Thinking back as far as I can remember, I recall how kind and loving my parents always were; but also that they simply let us know what was expected of us, the difference between right and wrong, and that - if nothing else - we were to treat them with the respect with which they treated us and each other. Before becoming old enough to go to school, my siblings and I were all pretty well behaved kids at home. There was about five years between us, so we got plenty of attention.
We absolutely adored our parents, who were (in the words a young child) "so nice". We didn't view what they expected of us as "unreasonable", because they never expected anything unreasonable of us. The simple rules by which we were expected to live involved things like not breaking things, behaving well when we went somewhere, not fighting, and "NEVER, EVER" talking back to our parents. (It's important to note that they did not yell at us either.)
Once we got to be school-aged life got a little more complicated. Children of school age often just do things they shouldn't do because it "seems like a good idea at the time". When our parents found out we had done something we shouldn't have they would (as I would eventually tell that social worker) talk to us. They would talk about why what we had done was wrong, how disappointed in us they were, how they couldn't understand how we would ever do such a thing, and what other people would think of us if we ever did that thing again.
They would talk about integrity and reputation. They'd talk about how "being sneaky" would make people think very little of us. They talked about honesty, self-respect, being a good friend, what kind of person they wanted us to be - and on and on and on. It was always one of the most uncomfortable experiences of our lives, and when they'd wrap it all up with a reminder of how disappointed they were in us it pretty much sealed in the guilt rather effectively.
Upon thinking about it, though, I realize how, even though something had seemed like a good idea at the time, I, for one, had my own guilt long before I had been caught. So, when my parents did find out and would begin on one those marathon talks about the misdeed, it became quite clear what a good idea the deed WASN'T.
Still, my clever parents had managed to raise three kids without any real "discipline strategy" and by simply ad libbing as the occasion called for it. They had managed three decent, caring, people who didn't get into trouble while creating the impression that they had never really used any discipline strategy.
As an adult, and recalling the degree of "feeling rotten" that my parents managed to create in me; I have to say that I think they could have lightened up a little on the guilt. After all, I had my own conscience (thanks to their doing a good job in my preschool years) and was only a kid. Kids mess up. It wasn't that they were abusive or demeaning or belittling. It was more that they over-estimated the seriousness of the offense and let us know (or at least led us to believe) that they were worried we would turn into criminals.

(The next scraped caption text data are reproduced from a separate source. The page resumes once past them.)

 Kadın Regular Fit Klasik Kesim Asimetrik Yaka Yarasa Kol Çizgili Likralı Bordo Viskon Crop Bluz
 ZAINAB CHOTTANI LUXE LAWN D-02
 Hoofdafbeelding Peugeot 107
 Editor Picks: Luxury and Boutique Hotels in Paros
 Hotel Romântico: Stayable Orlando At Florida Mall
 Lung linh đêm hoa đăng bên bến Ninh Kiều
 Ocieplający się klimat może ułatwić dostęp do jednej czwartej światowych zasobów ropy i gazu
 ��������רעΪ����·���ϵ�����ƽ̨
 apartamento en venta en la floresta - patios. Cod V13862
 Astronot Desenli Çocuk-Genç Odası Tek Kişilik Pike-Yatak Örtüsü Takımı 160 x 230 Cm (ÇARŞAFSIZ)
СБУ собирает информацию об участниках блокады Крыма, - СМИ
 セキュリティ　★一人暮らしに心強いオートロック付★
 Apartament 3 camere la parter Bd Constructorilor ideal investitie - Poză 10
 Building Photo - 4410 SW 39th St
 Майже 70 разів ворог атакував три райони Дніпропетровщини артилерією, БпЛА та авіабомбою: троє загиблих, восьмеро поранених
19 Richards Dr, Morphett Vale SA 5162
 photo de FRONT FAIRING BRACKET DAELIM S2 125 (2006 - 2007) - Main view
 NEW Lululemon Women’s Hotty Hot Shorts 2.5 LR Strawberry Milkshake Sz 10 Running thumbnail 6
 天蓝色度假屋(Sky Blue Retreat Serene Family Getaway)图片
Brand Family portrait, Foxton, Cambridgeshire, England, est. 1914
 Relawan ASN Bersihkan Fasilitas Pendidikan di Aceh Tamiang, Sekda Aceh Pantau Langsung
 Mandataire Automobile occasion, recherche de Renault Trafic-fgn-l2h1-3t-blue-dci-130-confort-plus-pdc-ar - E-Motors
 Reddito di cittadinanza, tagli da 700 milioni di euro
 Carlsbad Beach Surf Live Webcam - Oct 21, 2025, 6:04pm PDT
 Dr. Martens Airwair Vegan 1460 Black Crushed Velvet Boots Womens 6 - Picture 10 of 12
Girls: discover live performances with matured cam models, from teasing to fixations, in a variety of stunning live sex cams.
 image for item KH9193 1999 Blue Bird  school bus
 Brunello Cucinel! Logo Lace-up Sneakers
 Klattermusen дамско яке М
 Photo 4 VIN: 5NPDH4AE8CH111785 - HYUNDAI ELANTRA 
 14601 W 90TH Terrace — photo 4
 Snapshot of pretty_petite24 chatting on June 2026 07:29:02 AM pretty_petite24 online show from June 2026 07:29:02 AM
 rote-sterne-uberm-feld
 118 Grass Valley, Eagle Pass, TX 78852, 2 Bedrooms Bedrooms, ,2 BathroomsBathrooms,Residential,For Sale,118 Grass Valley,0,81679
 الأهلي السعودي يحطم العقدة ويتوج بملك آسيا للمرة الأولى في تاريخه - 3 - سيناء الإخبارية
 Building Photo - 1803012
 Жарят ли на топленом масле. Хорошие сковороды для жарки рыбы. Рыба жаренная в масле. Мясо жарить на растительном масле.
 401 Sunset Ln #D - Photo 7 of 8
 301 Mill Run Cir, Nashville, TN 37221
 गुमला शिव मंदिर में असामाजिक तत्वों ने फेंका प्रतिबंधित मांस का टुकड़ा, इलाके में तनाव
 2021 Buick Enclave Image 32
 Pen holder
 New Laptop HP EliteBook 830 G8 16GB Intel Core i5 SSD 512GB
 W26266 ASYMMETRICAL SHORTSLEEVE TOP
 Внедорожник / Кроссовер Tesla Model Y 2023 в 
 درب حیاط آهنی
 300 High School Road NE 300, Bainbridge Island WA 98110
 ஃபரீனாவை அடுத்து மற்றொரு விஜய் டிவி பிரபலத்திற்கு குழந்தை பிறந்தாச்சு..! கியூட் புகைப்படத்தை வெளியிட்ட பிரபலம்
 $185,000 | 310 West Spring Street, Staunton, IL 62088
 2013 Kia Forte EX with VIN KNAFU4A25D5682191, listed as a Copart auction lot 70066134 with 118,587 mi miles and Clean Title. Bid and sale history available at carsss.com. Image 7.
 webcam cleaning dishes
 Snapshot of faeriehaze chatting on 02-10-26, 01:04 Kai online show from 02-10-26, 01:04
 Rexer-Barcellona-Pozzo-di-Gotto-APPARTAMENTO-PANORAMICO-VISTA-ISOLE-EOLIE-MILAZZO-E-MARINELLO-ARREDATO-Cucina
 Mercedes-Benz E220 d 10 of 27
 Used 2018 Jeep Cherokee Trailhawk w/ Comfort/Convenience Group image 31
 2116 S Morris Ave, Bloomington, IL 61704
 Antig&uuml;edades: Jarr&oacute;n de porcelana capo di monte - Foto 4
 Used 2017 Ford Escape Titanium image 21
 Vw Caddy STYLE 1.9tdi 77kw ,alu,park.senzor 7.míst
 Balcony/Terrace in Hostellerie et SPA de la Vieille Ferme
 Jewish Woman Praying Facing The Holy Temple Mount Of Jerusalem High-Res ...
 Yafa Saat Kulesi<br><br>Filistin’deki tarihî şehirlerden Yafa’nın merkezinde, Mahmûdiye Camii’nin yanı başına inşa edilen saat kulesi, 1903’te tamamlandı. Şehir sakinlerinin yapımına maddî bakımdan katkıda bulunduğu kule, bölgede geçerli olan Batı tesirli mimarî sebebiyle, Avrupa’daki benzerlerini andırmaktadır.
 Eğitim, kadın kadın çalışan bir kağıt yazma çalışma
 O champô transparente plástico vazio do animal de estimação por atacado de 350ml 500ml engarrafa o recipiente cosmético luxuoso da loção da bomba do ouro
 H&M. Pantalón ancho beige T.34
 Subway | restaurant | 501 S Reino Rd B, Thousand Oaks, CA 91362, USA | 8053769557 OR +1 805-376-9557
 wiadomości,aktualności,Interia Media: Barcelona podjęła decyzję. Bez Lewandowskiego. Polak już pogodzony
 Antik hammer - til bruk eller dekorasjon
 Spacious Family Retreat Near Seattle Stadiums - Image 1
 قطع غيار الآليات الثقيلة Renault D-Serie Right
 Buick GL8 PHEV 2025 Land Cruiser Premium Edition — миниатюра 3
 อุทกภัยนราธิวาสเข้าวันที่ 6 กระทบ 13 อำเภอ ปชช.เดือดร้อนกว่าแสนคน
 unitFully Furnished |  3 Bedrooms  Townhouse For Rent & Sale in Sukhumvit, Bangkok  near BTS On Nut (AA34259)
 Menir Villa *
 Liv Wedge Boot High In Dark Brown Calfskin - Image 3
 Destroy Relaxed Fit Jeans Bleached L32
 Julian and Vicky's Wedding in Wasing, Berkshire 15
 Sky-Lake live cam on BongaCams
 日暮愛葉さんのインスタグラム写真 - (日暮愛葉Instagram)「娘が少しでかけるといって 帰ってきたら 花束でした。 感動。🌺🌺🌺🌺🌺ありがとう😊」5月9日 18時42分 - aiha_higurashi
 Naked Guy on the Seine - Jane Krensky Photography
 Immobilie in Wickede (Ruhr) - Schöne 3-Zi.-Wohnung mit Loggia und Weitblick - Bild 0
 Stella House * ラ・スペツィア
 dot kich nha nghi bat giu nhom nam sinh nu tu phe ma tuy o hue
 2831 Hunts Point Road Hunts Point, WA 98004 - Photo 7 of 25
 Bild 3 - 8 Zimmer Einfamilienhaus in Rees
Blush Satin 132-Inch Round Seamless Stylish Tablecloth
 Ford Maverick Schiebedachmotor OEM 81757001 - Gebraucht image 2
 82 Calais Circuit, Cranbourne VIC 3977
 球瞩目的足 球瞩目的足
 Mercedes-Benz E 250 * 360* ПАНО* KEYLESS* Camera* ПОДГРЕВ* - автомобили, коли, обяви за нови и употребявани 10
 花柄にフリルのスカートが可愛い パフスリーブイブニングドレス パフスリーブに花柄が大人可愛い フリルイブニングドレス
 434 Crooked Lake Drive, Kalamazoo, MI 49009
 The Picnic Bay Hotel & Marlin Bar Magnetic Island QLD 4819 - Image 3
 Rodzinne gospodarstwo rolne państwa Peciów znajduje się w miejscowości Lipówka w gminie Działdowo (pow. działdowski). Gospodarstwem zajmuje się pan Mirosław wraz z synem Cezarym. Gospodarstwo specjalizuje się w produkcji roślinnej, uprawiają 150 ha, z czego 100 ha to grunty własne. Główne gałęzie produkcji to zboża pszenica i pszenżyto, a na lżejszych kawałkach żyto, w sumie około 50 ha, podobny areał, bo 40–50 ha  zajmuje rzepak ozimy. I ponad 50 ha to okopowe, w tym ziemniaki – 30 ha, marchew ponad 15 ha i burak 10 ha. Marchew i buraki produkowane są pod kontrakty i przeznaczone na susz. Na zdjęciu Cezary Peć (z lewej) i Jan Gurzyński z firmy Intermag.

When you're ten years old, and you know that just because you and girlfriends rang a few doorbells it doesn't mean you're headed for a life a crime; you don't know how to reassure your parents they don't need to worry. It may not be the best thing for a child to have to think, "Wait until I grow up, and they'll see that I didn't turn into a criminal". (Then again, it was, I suppose, an effective thing.)
Once I had grown up and knew I would be building my own family I thought quite a bit about my own parenting approach. For the most part, I wanted to do things very much as my parents had, with the exception of attempting to make my children feel guiltier than they already did if they did something wrong. I would let my children know when they had done something unacceptable. I would talk about most of the things my parents talked about. If they were old enough, and if the occasion called for it, I may even impose some consequence that seemed appropriate (such as taking away a toy or not allowing television). My plan, however, was to try, too, to help my children know that even if I did not approve of their unacceptable action I understood (and they should as well) that kids mess up. It's all part of being a kid.
29 years after that interview with the adoption worker, I still don't know what she thought or wrote down when I gave my "horrible" answer that day. I passed the screening, so I like to think that my utter inability to describe my parents' approach to discipline showed that I had been raised by loving, good, parents who understood the importance of setting some reasonable rules, telling children right from wrong, and further elaborating when the occasion seemed to call for it.
I suppose the reason I essentially told that social worker my parents didn't really have any "approach to discipline" was that my parents just knew their role as parents (and how much they loved us) and never viewed "discipline" as a separate "category".
When it comes down to it, the reason there is no "perfect discipline strategy" for children is that strategies are for things like finances, business, and football games. Being a good, loving, capable, parent is about so much more than strategy - so very much more.